Work required
Everything in the entries below except the pictures must be returned exactly.

Material supplied
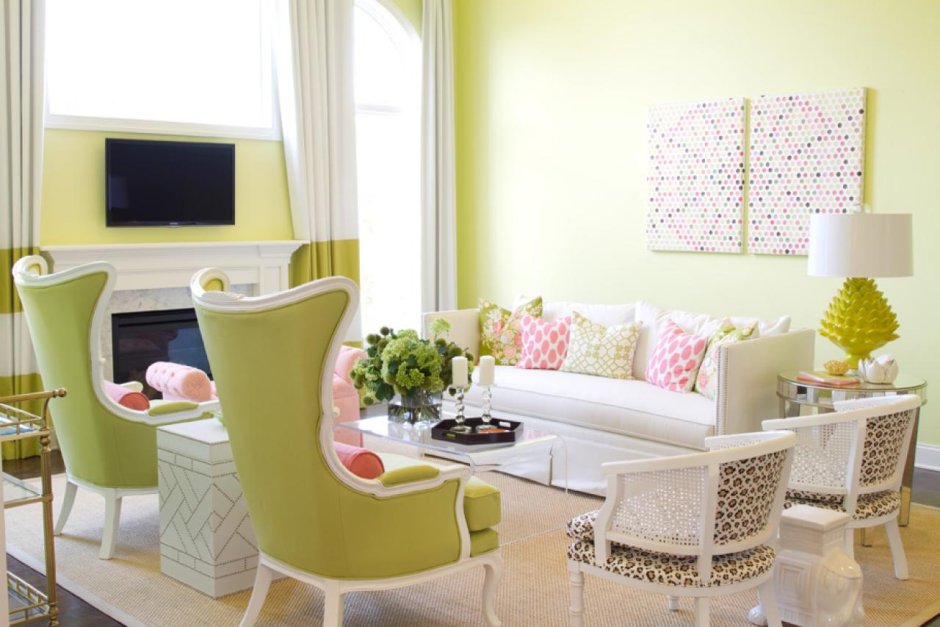 Living room color combination with yellow wall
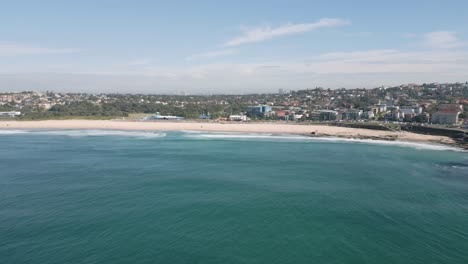 Luftaufnahme-Von-Maroubra-Beach-Im-östlichen-Vorort-Von-Sydney,-New-South-Wales,-Australien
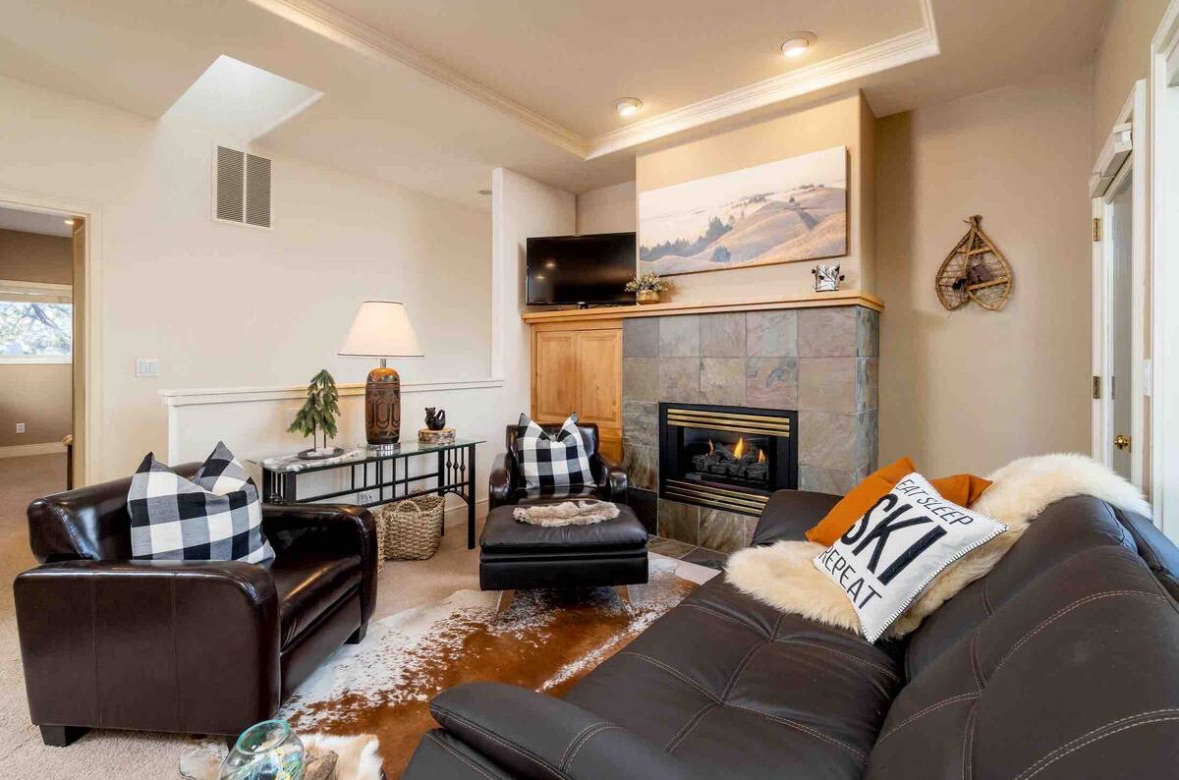Rarely Available 1-Bdrm Charmer in the Heart of the West Side with Full Kitchen and centrally located - Photo 4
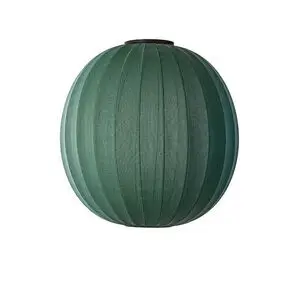 Rund lampe i tweedgrøn med strikket overflade og moderne kugleformet design.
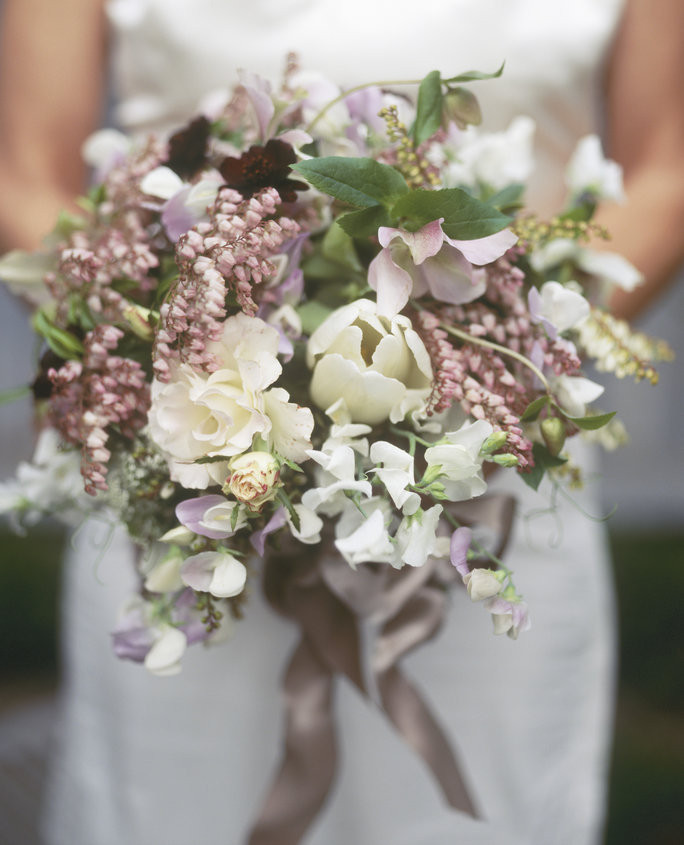 Wedding Bouquet DIY
 Tips for DIY ing Your Wedding Bouquet — How to Arrange
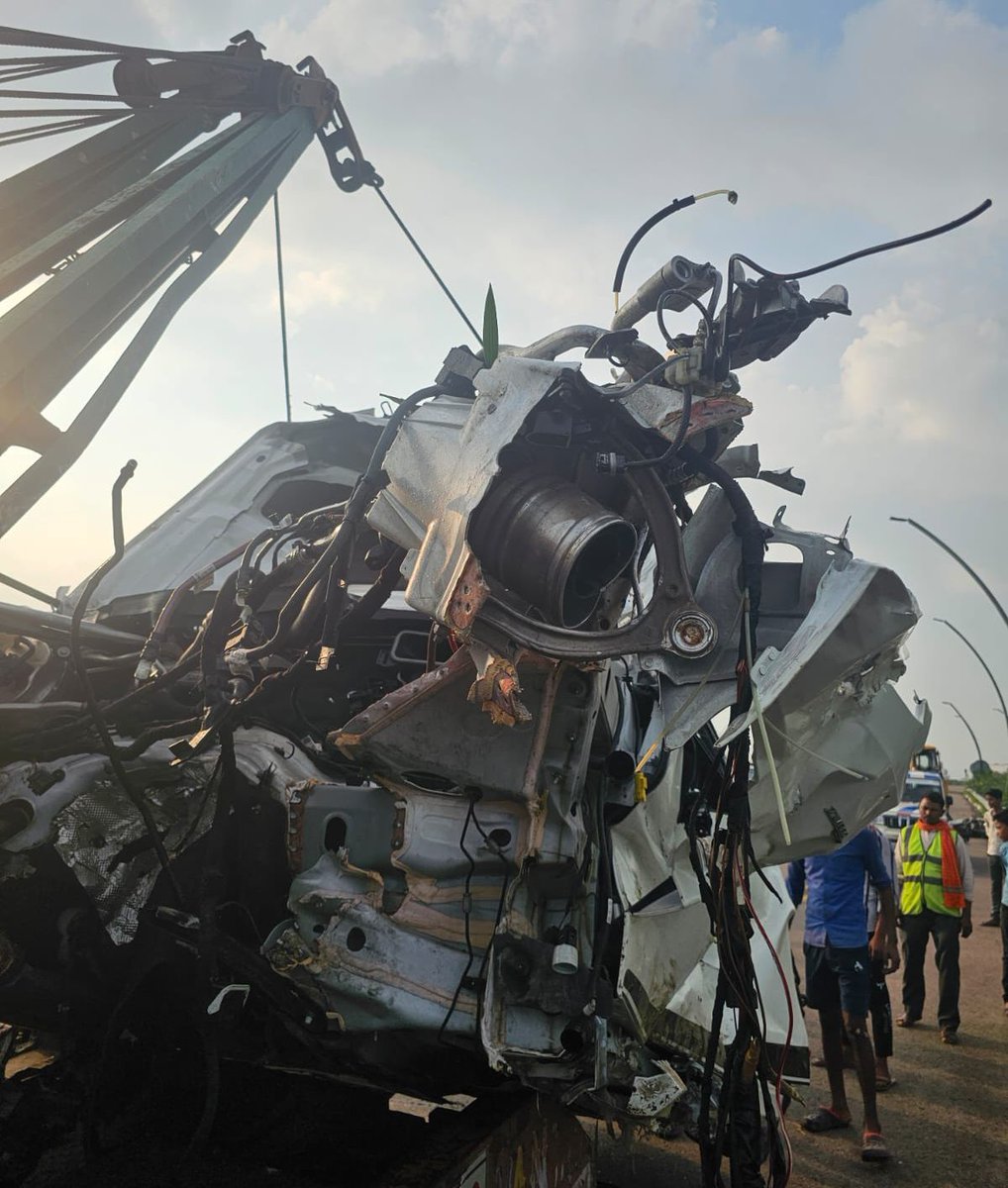 NandiGuptaBJP's tweet image. आज दिल्ली से लखनऊ लौटते समय बेटे अभिषेक और बहू कृष्णिका की गाड़ी दुर्घटनाग्रस्त हो गयी! तस्वीरों की भयावहता देखकर यही लगता है कि जैसे स्वयं महादेव ने साक्षात् उपस्थित होकर किसी अनहोनी को टाल दिया! 

सावन का पवित्र-पावन माह, महादेव की भक्ति-उपासना का महापर्व और इस दुर्घटना में…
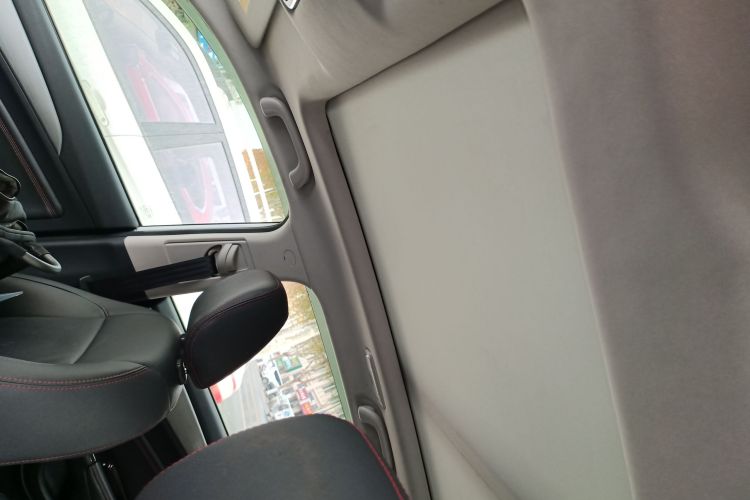 长安CS75 2017款 尚酷版 1.5T 手动致享型中控内饰22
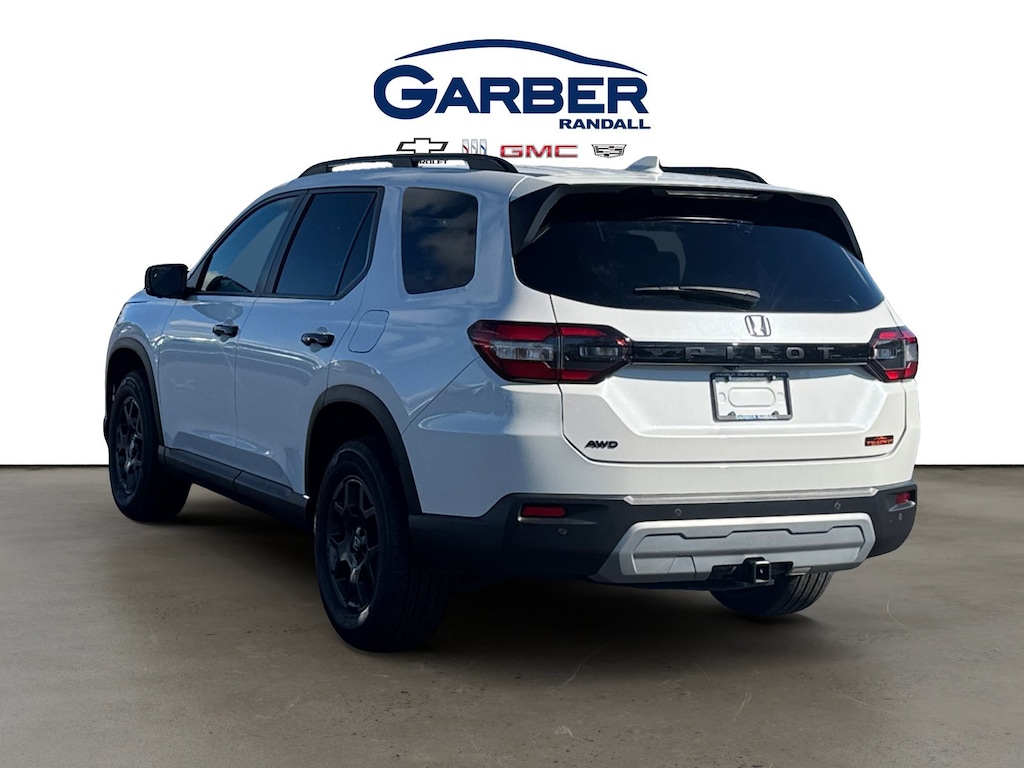 Used 2023 Honda Pilot AWD TrailSport SUV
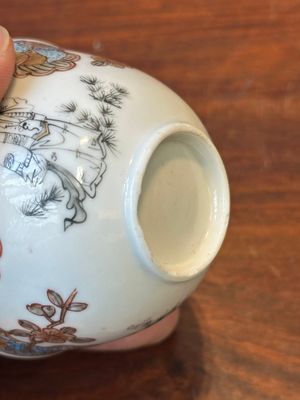 A Chinese famille rose and grisaille 'Xiwangmu receiving a peach' cup and saucer, Yongzheng — 照片 9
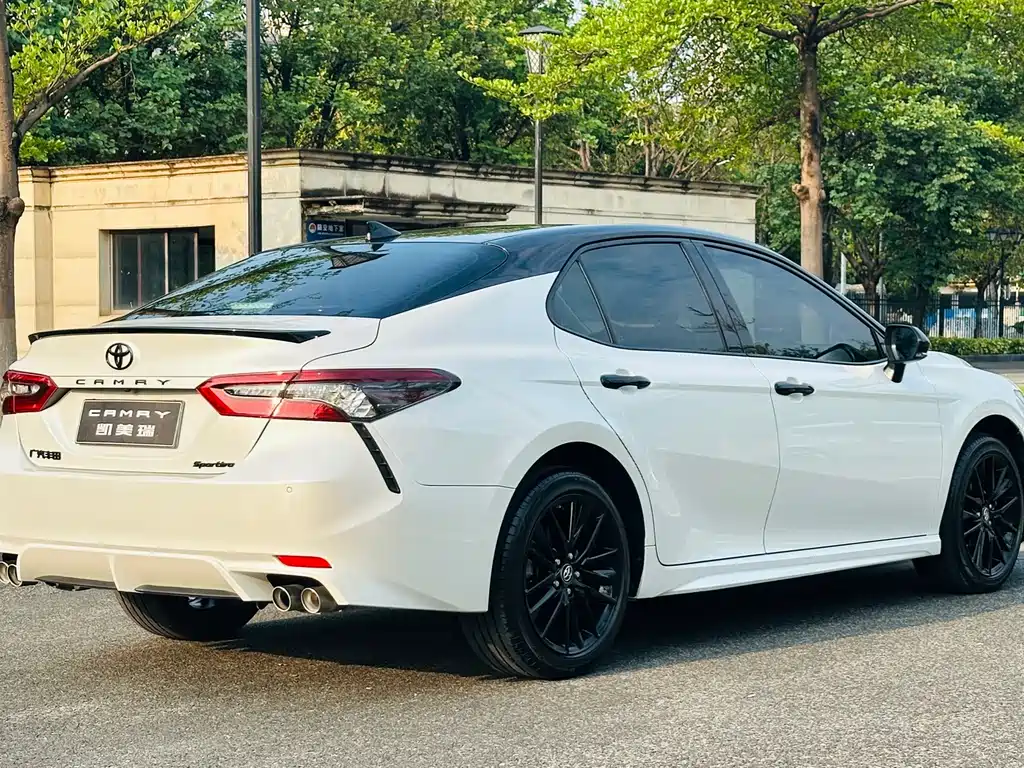 Toyota Camry — миниатюра 4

Solution to this problem
 Living room color combination with yellow wall
 Luftaufnahme-Von-Maroubra-Beach-Im-östlichen-Vorort-Von-Sydney,-New-South-Wales,-Australien
Rarely Available 1-Bdrm Charmer in the Heart of the West Side with Full Kitchen and centrally located - Photo 4
 Rund lampe i tweedgrøn med strikket overflade og moderne kugleformet design.
 Wedding Bouquet DIY
 Tips for DIY ing Your Wedding Bouquet — How to Arrange
 NandiGuptaBJP's tweet image. आज दिल्ली से लखनऊ लौटते समय बेटे अभिषेक और बहू कृष्णिका की गाड़ी दुर्घटनाग्रस्त हो गयी! तस्वीरों की भयावहता देखकर यही लगता है कि जैसे स्वयं महादेव ने साक्षात् उपस्थित होकर किसी अनहोनी को टाल दिया! 

सावन का पवित्र-पावन माह, महादेव की भक्ति-उपासना का महापर्व और इस दुर्घटना में…
 长安CS75 2017款 尚酷版 1.5T 手动致享型中控内饰22
 Used 2023 Honda Pilot AWD TrailSport SUV
 A Chinese famille rose and grisaille 'Xiwangmu receiving a peach' cup and saucer, Yongzheng — 照片 9
 Toyota Camry — миниатюра 4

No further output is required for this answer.